• _Work instruction_
Once the images are set aside, return every entry exactly.

• _Records to use_
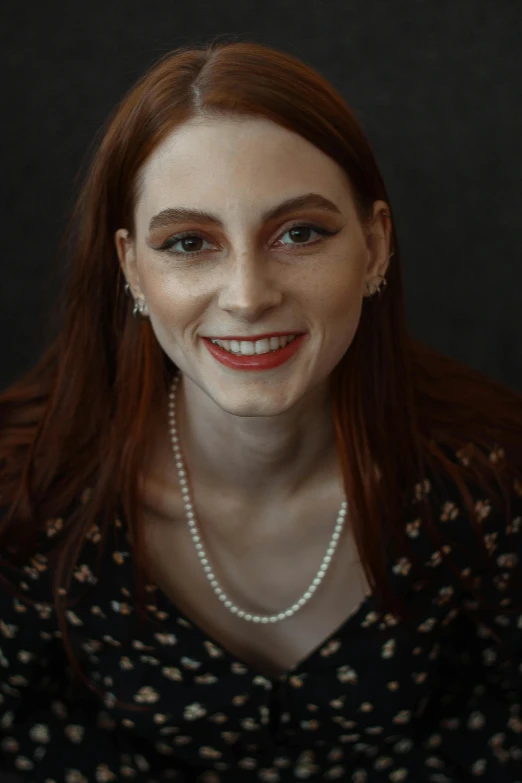 a woman with long red hair smiling at the camera, inspired by Elsa Bleda, androgynous face, real pearls, on clear background, photograph taken in 2 0 2 0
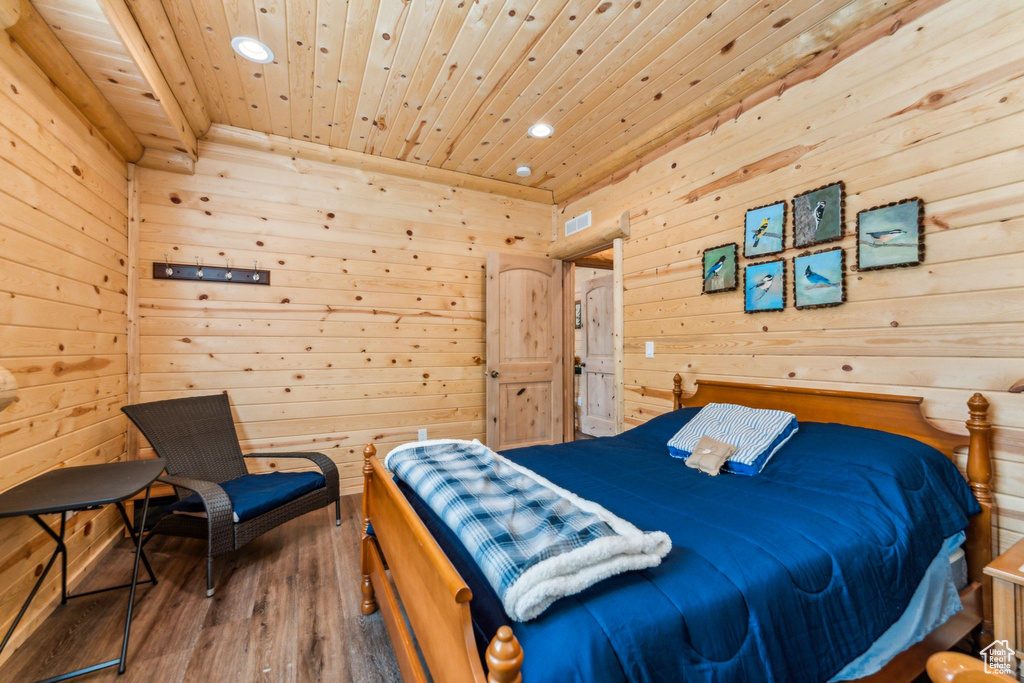 Bedroom featuring wood ceiling, recessed lighting, wooden walls, and wood finished floors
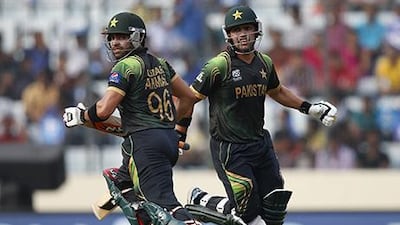 Umar Akmal, left, and his brother Kamran are both Pakistan internationals. Aijaz Rahi / AP Photo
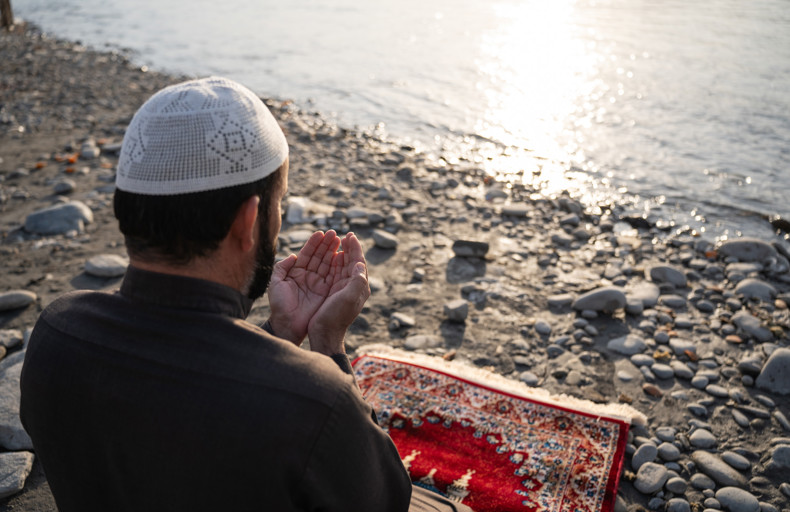 Man making dua to increase in Taqwa next to the shore
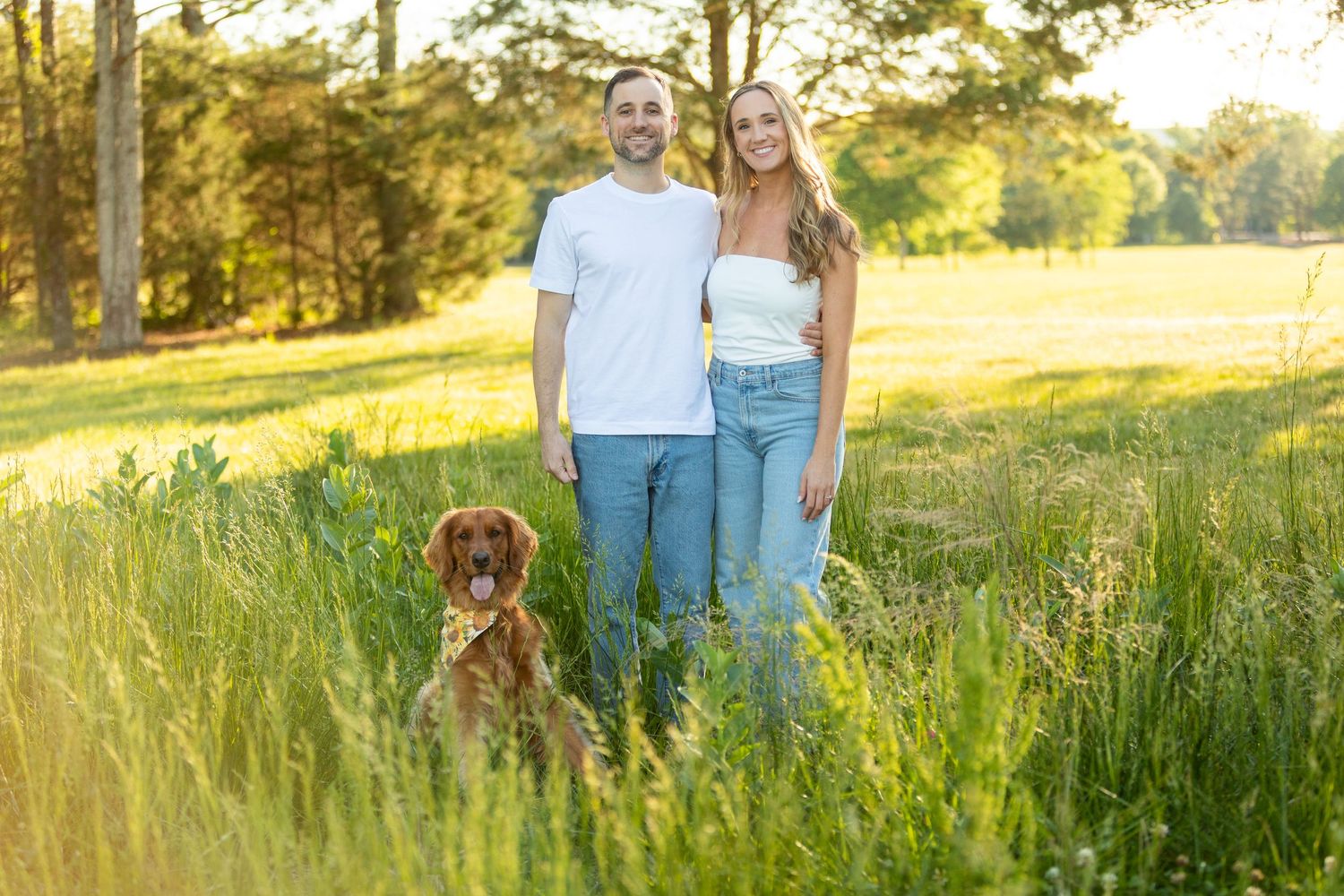 A couple and their golden retriever dog pose together in a sunlit grassy field during golden hour.
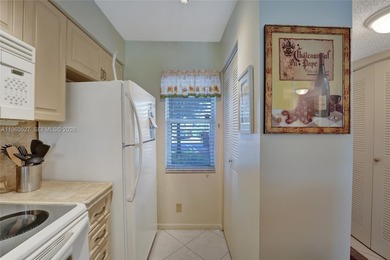 *** BEAUTIFUL VIEW ON THE LAKE FROM THE 1ST FLOOR UNIT FROM THE on Palm-Aire Country Club and Resort - Palms in Florida - for sale on GolfHomes.com, golf home, golf lot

• _Output below_
 a woman with long red hair smiling at the camera, inspired by Elsa Bleda, androgynous face, real pearls, on clear background, photograph taken in 2 0 2 0
 Bedroom featuring wood ceiling, recessed lighting, wooden walls, and wood finished floors
 Umar Akmal, left, and his brother Kamran are both Pakistan internationals. Aijaz Rahi / AP Photo
 Man making dua to increase in Taqwa next to the shore
 A couple and their golden retriever dog pose together in a sunlit grassy field during golden hour.
 *** BEAUTIFUL VIEW ON THE LAKE FROM THE 1ST FLOOR UNIT FROM THE on Palm-Aire Country Club and Resort - Palms in Florida - for sale on GolfHomes.com, golf home, golf lot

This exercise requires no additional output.